= The records =
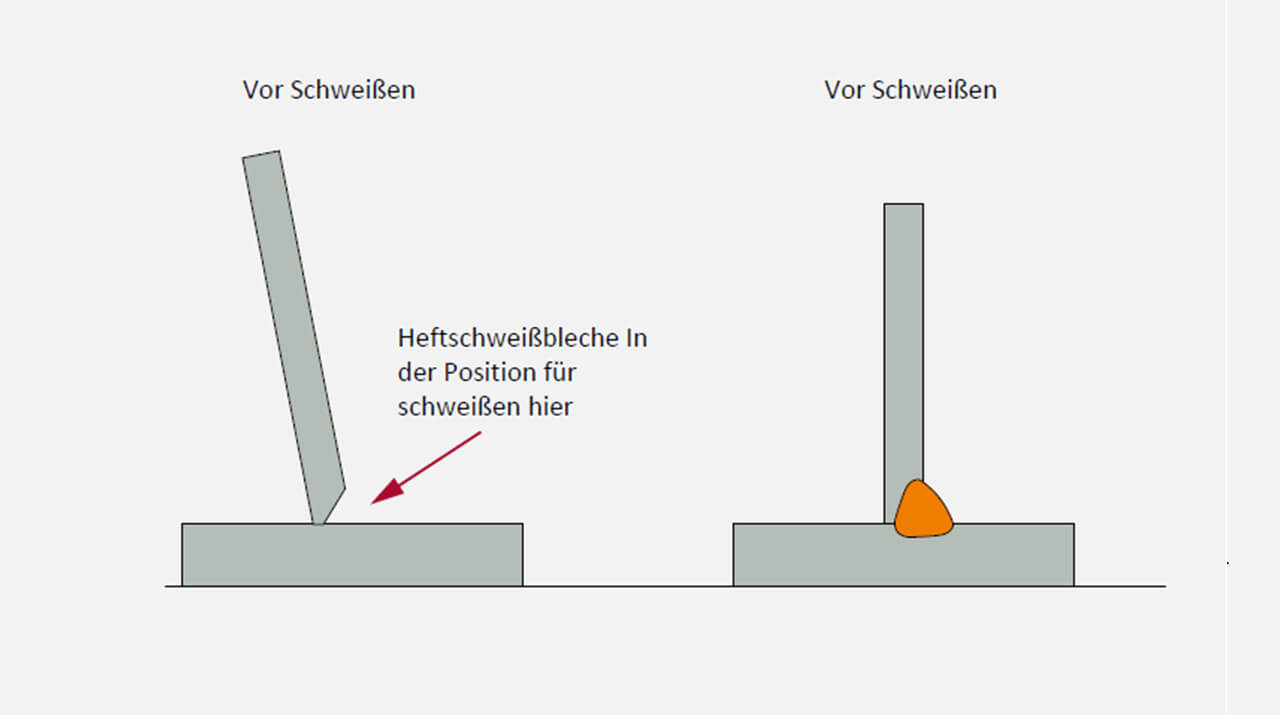 Voreinstellung einer Kehlnaht und einer Einzel-V-Stumpfschweißnaht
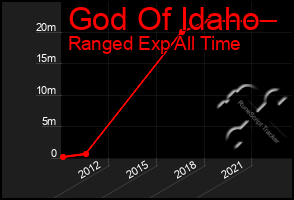 Total Graph of God Of Idaho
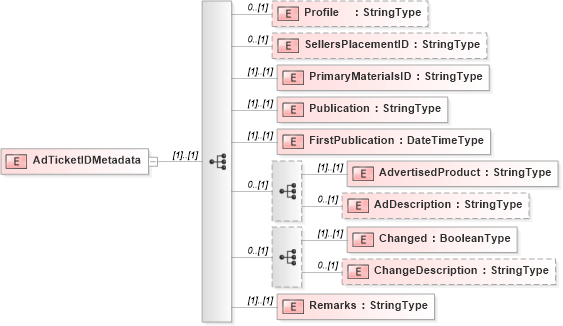 XSD Diagram of AdTicketIDMetadata in schema adsmladticket-1_0-publictypelibrary-as_xsd (AdsML)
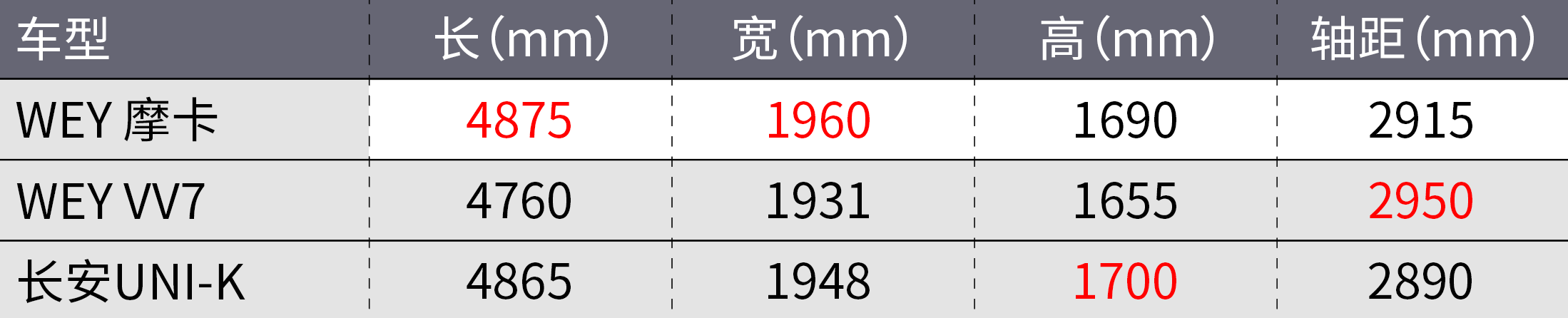 豪华品牌成交价排名出炉！奥迪还不如蔚来......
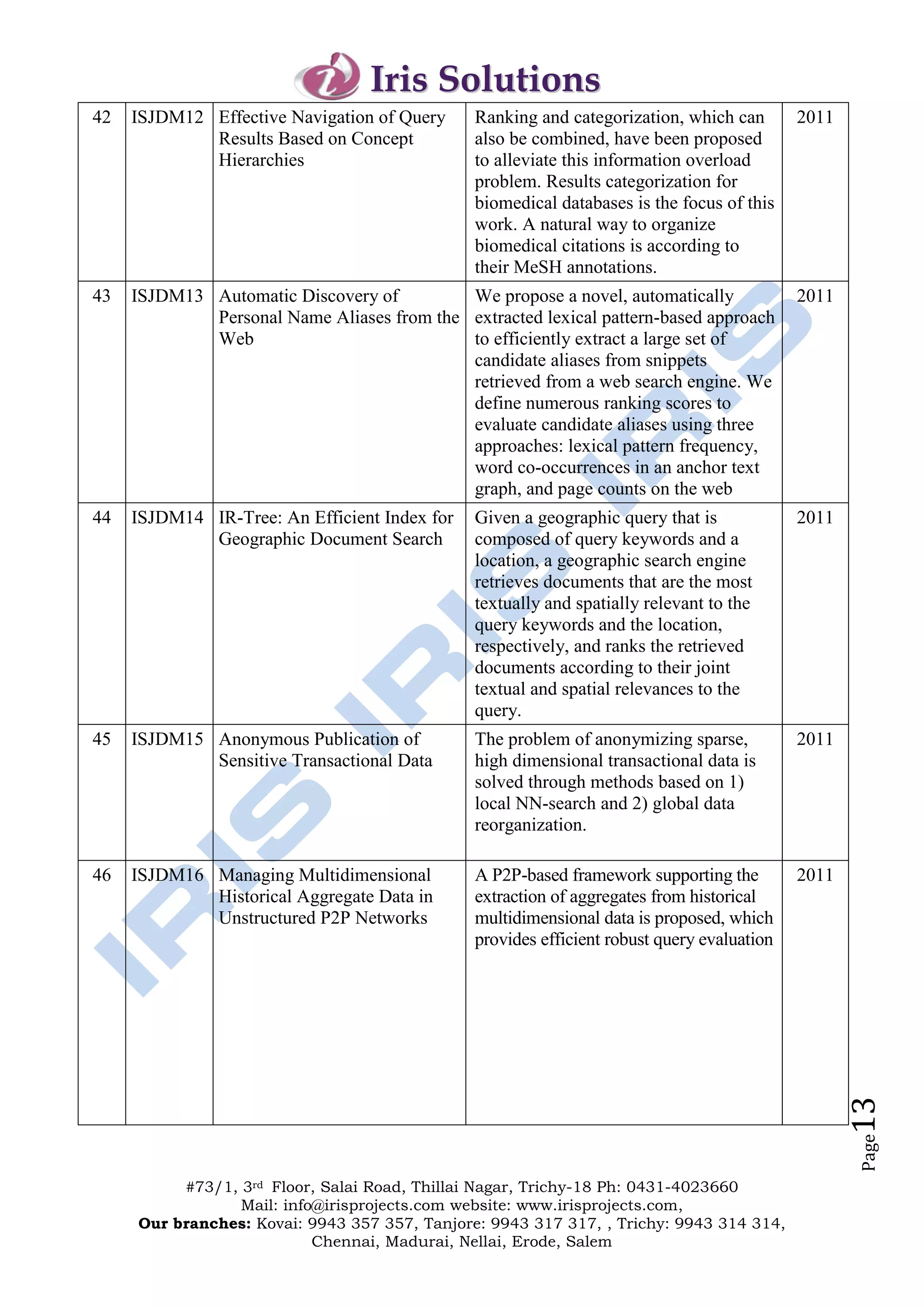 Iris Solutions
42   ISJDM12 Effective Navigation of Query     Ranking and categorization, which can        2011
             Results Based on Concept          also be combined, have been proposed
             Hierarchies                       to alleviate this information overload
                                               problem. Results categorization for
                                               biomedical databases is the focus of this
                                               work. A natural way to organize
                                               biomedical citations is according to
                                               their MeSH annotations.
43   ISJDM13 Automatic Discovery of         We propose a novel, automatically               2011
             Personal Name Aliases from the extracted lexical pattern-based approach
             Web                            to efficiently extract a large set of
                                            candidate aliases from snippets
                                            retrieved from a web search engine. We
                                            define numerous ranking scores to
                                            evaluate candidate aliases using three
                                            approaches: lexical pattern frequency,
                                            word co-occurrences in an anchor text
                                            graph, and page counts on the web
44   ISJDM14 IR-Tree: An Efficient Index for   Given a geographic query that is             2011
             Geographic Document Search        composed of query keywords and a
                                               location, a geographic search engine
                                               retrieves documents that are the most
                                               textually and spatially relevant to the
                                               query keywords and the location,
                                               respectively, and ranks the retrieved
                                               documents according to their joint
                                               textual and spatial relevances to the
                                               query.
45   ISJDM15 Anonymous Publication of          The problem of anonymizing sparse,           2011
             Sensitive Transactional Data      high dimensional transactional data is
                                               solved through methods based on 1)
                                               local NN-search and 2) global data
                                               reorganization.

46   ISJDM16 Managing Multidimensional         A P2P-based framework supporting the         2011
             Historical Aggregate Data in      extraction of aggregates from historical
             Unstructured P2P Networks         multidimensional data is proposed, which
                                               provides efficient robust query evaluation
                                                                                                   13
                                                                                                   Page




          #73/1, 3rd Floor, Salai Road, Thillai Nagar, Trichy-18 Ph: 0431-4023660
                 Mail: info@irisprojects.com website: www.irisprojects.com,
     Our branches: Kovai: 9943 357 357, Tanjore: 9943 317 317, , Trichy: 9943 314 314,
                           Chennai, Madurai, Nellai, Erode, Salem
 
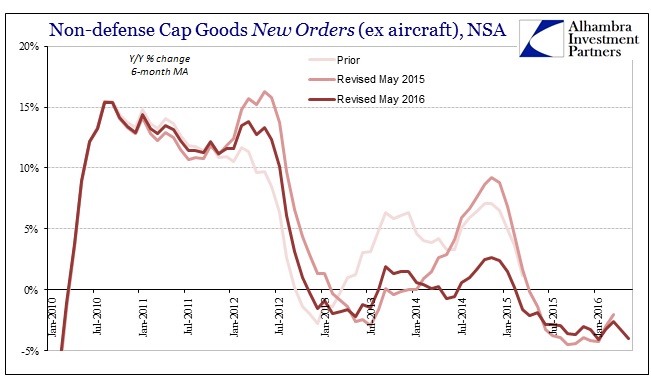 ABOOK June 2016 Durable Goods Cap Goods New Orders NSA 6m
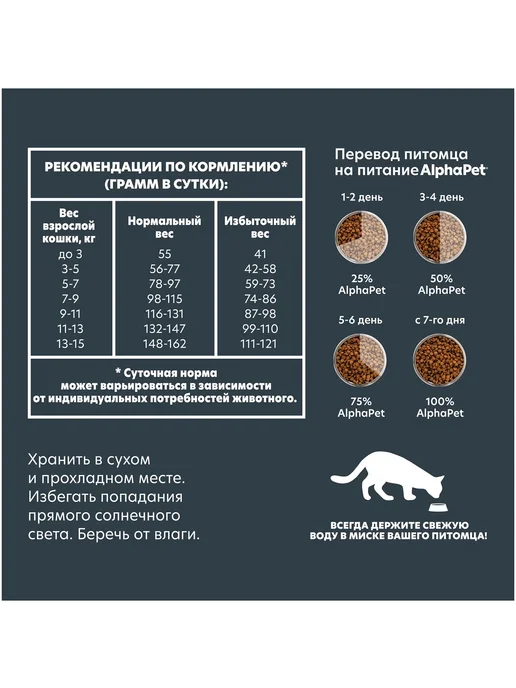 Сухой корм AlphaPet Superpremium Кошек для собак, говядина, 0,4 кг, фото 5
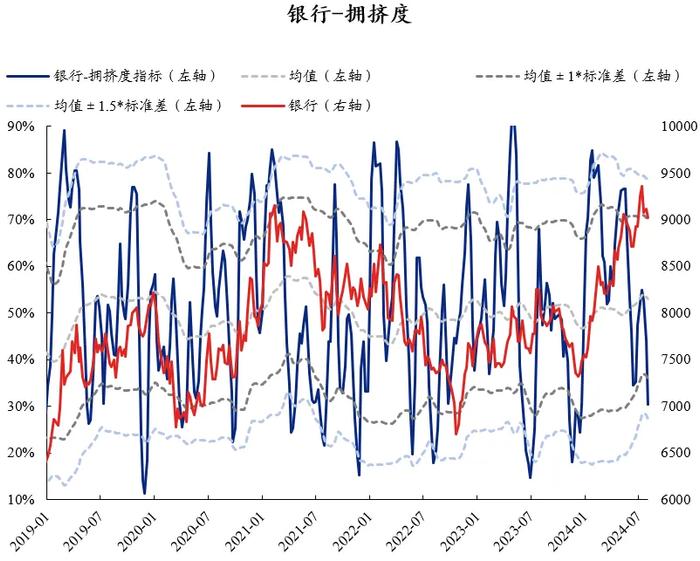 兴证策略：60大热门赛道拥挤度到什么位置了？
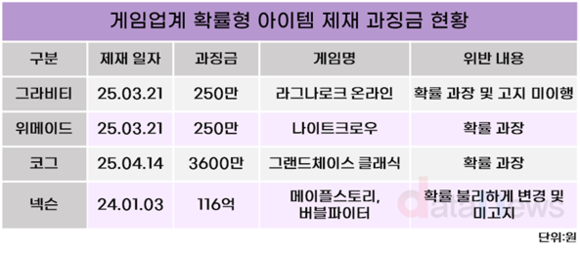 [취재] 게임업계, 확률형 아이템 규제 강화…수익모델 재편 움직임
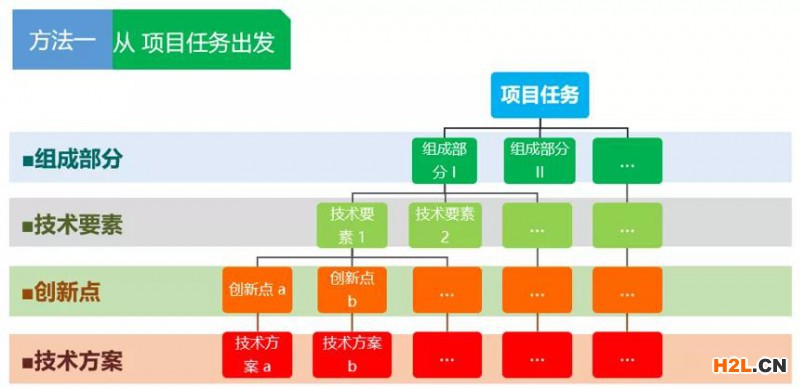 專利挖掘方法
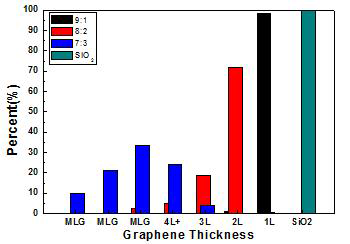 9:1, 8:2, 7:3 Cu-Ni alloy에서 성장한 그래핀의 두께 분포도.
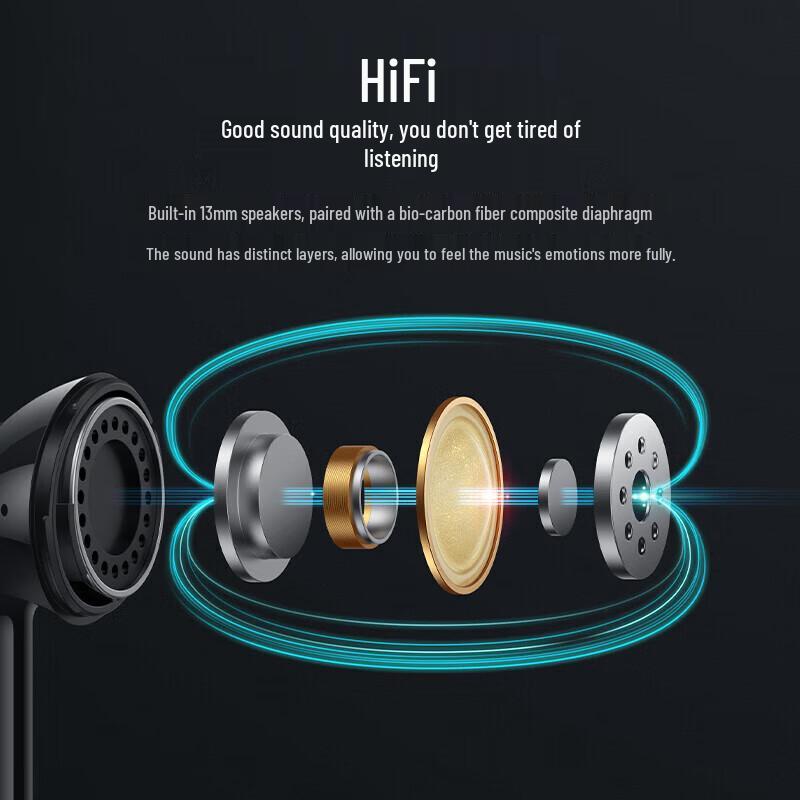 Hoco EQ5 True Wireless ANC Noise Cancelling Earbuds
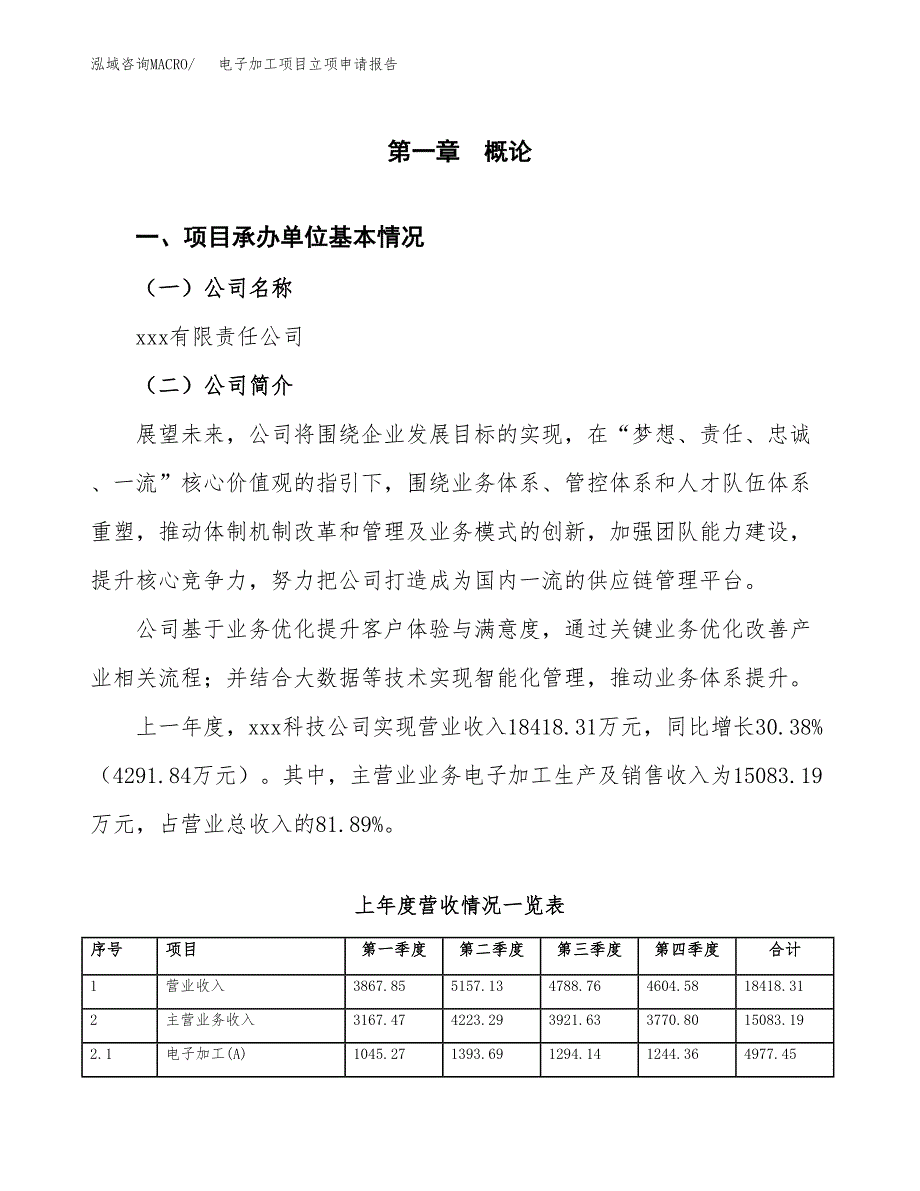 电子加工项目立项申请报告范文模板.docx_第2页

= Problem description =
Retype exactly the span of lines from the one with "Historical Aggregate Data" through the one with "provides efficient robust"; include both ends and omit the rest of the material.

= Answer space =
             Historical Aggregate Data in      extraction of aggregates from historical
             Unstructured P2P Networks         multidimensional data is proposed, which
                                               provides efficient robust query evaluation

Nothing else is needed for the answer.